Last night, at a media event in Los Angeles, Elon Musk of Tesla Inc. changed the energy game for cities everywhere. How? Musk promised to deliver an affordable way to store solar energy. If his company can deliver on the Powerwall promise, our cities will do away with high CO2 and dangerous nuclear sources for their power.
But with electric cars, solar powered homes, and smarter cities eroding the demand for oil, what will happen to the fossil fuel industry? Frankly Scarlet . . . In the 19th C. big parts of our economy evolved around feeding cart-pulling horses and storing winter ice in warehouses for use during summer months. Who misses that?
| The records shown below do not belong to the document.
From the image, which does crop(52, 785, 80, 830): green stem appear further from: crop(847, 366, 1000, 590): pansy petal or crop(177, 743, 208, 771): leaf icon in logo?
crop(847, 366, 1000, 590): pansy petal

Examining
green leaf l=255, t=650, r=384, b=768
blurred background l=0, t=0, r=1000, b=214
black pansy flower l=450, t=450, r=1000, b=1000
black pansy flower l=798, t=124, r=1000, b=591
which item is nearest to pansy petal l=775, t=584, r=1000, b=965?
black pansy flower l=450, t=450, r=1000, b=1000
Ever since the 1960s when Stuart Brand’s Whole Earth Catalogue championed the idea of living off grid, the world has waited for a time critics thought was a tree hugger’s pipe dream. Until now. A very rational and engineering driven Musk plans to deliver the gridless economy on a mass, industrial scale. Here is his presentation from last night.
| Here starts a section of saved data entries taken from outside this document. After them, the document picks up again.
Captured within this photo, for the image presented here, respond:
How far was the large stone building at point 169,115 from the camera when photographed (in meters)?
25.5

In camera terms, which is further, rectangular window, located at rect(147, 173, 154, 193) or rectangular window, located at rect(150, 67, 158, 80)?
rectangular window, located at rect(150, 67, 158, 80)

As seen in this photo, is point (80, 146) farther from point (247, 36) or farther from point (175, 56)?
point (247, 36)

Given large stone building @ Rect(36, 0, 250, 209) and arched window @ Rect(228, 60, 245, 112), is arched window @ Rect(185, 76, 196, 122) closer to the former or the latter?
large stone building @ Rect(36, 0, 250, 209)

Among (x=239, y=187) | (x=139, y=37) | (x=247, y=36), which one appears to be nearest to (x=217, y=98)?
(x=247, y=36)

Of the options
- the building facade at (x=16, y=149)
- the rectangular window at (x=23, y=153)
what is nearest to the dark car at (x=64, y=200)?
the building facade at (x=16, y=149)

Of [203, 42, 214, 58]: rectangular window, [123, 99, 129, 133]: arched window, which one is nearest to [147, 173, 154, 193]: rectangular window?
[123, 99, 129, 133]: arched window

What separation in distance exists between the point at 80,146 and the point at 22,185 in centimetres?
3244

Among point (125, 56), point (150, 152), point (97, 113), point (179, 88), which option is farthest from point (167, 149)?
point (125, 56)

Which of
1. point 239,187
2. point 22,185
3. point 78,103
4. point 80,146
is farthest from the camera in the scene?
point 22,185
What does the new Tesla modular system look like? Here is a prototypical home installation in California followed by a picture of the production version:
The Tesla home energy solution. Distributing the future?
Simple. Effective. How useful is it really?
One battery storage module of 10kWh costs $3,500 without installation or an inverter. According to the Energy Information Administration an average home in the US consumed 909 kWh of electricity a month in 2013. Demand peaks aside, that means approximately three of these units would be needed—along with solar panels—to offer a viable off grid energy solution.
A lot has changed, however, in the consumer home energy market since 2013. For example, LED lighting is becoming ubiquitous. Appliances like air conditioners, furnaces, and washing machines use less energy. Natural gas is cheap and abundant. The amount of electricity an average house needs continues to drop.
Assume, then, that a typical, well insulated house will require about 600kWh a month to operate to North American standards. That means on average a house with two Tesla 10kWh batteries could be self sufficient.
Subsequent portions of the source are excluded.